• To do: Each line in the material below, starting at the one that contains "2,78 : (2·5-10)" and ending at the one that contains "This ain't my", should be repeated exactly; the pictures should not.

• Input for this task:
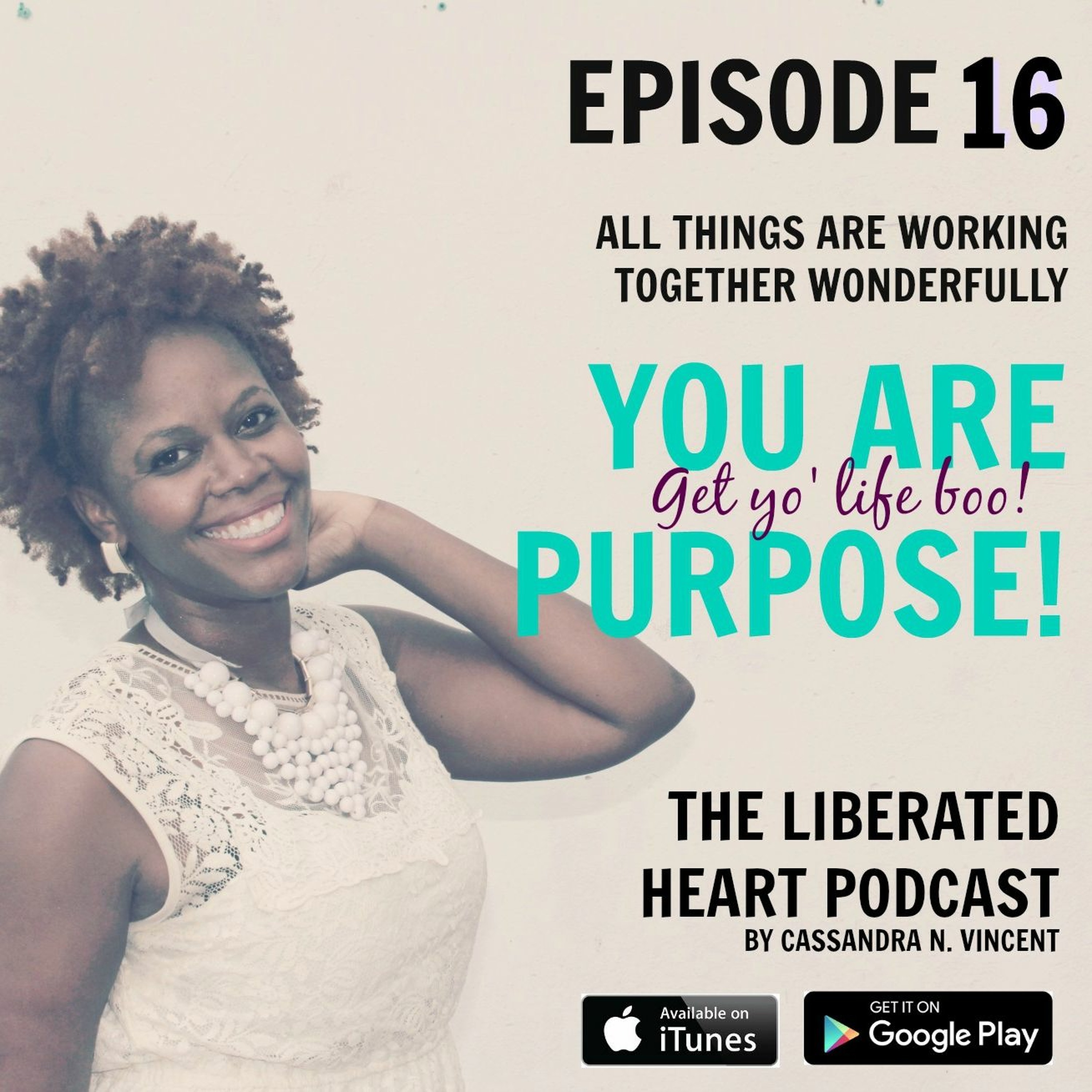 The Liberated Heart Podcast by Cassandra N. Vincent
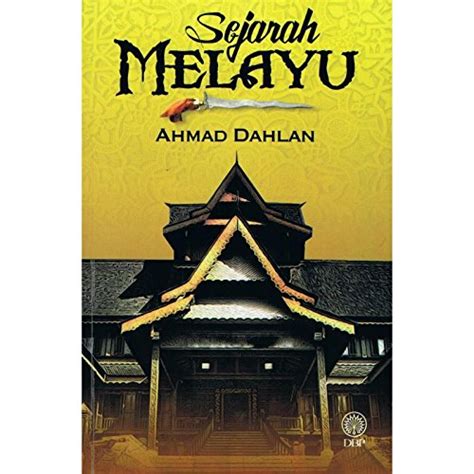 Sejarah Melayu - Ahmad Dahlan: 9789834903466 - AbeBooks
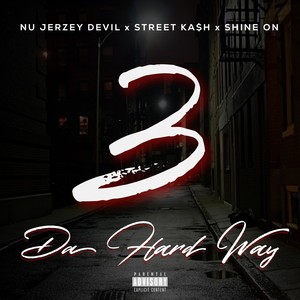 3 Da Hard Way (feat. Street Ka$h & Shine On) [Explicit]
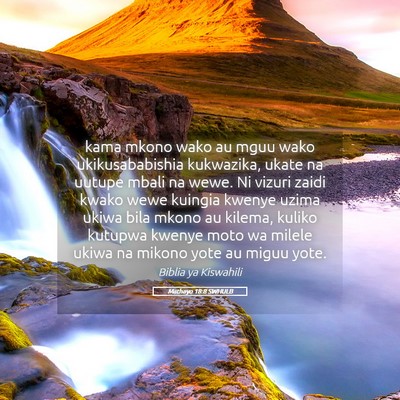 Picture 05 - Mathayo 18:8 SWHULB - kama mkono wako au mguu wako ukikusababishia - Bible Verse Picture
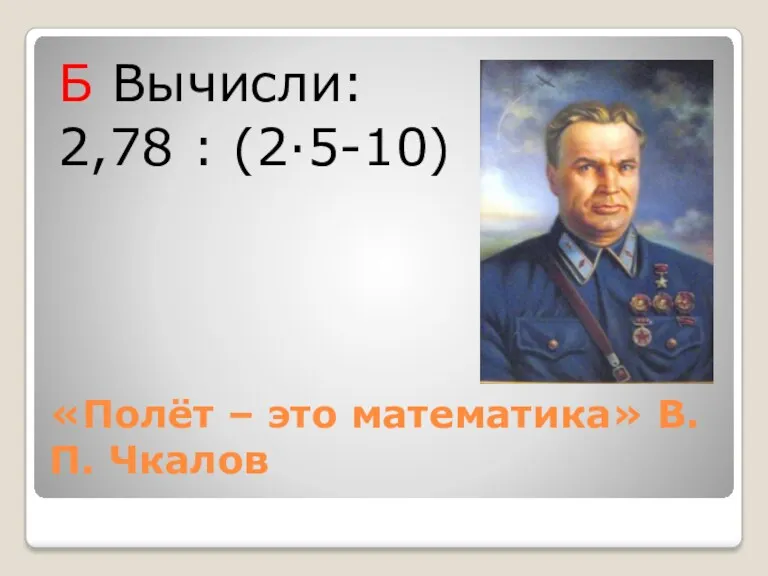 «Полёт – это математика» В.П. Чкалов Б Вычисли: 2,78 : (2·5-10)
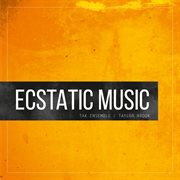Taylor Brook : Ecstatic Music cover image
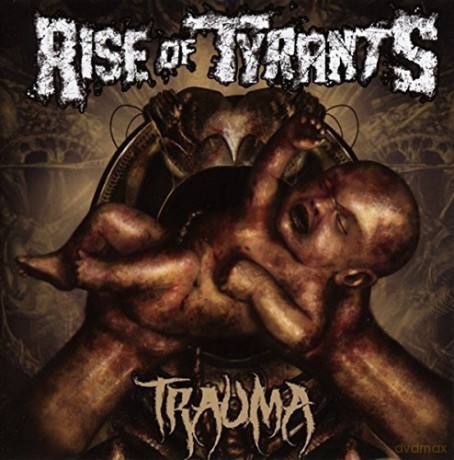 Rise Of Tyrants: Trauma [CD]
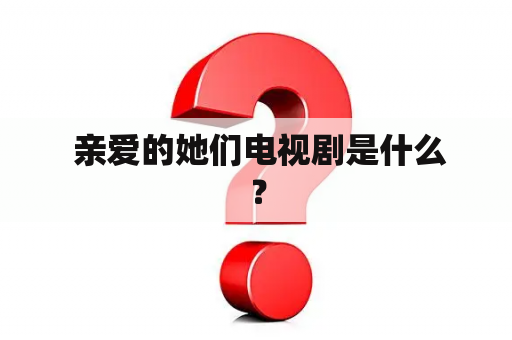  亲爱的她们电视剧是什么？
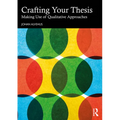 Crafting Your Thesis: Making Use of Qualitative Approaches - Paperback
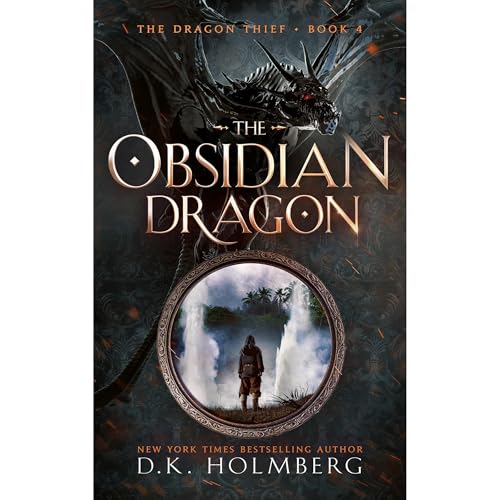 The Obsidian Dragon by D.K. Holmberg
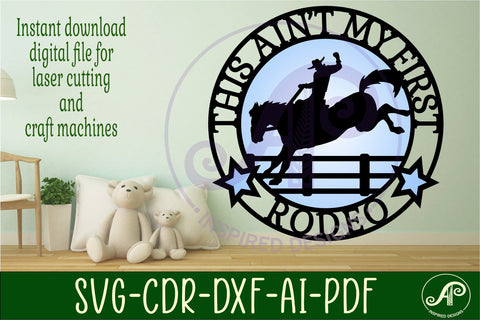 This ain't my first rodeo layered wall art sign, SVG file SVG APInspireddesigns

---

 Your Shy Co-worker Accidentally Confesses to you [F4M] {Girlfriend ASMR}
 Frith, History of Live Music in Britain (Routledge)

==

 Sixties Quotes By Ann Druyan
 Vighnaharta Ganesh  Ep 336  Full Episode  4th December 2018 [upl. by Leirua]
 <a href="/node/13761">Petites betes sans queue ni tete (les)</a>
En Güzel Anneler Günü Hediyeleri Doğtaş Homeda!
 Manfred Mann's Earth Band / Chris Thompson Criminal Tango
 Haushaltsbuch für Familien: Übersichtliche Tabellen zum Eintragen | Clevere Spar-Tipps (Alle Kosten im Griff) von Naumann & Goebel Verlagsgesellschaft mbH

• The completed task:
 «Полёт – это математика» В.П. Чкалов Б Вычисли: 2,78 : (2·5-10)
Taylor Brook : Ecstatic Music cover image
 Rise Of Tyrants: Trauma [CD]
  亲爱的她们电视剧是什么？
 Crafting Your Thesis: Making Use of Qualitative Approaches - Paperback
 The Obsidian Dragon by D.K. Holmberg
 This ain't my first rodeo layered wall art sign, SVG file SVG APInspireddesigns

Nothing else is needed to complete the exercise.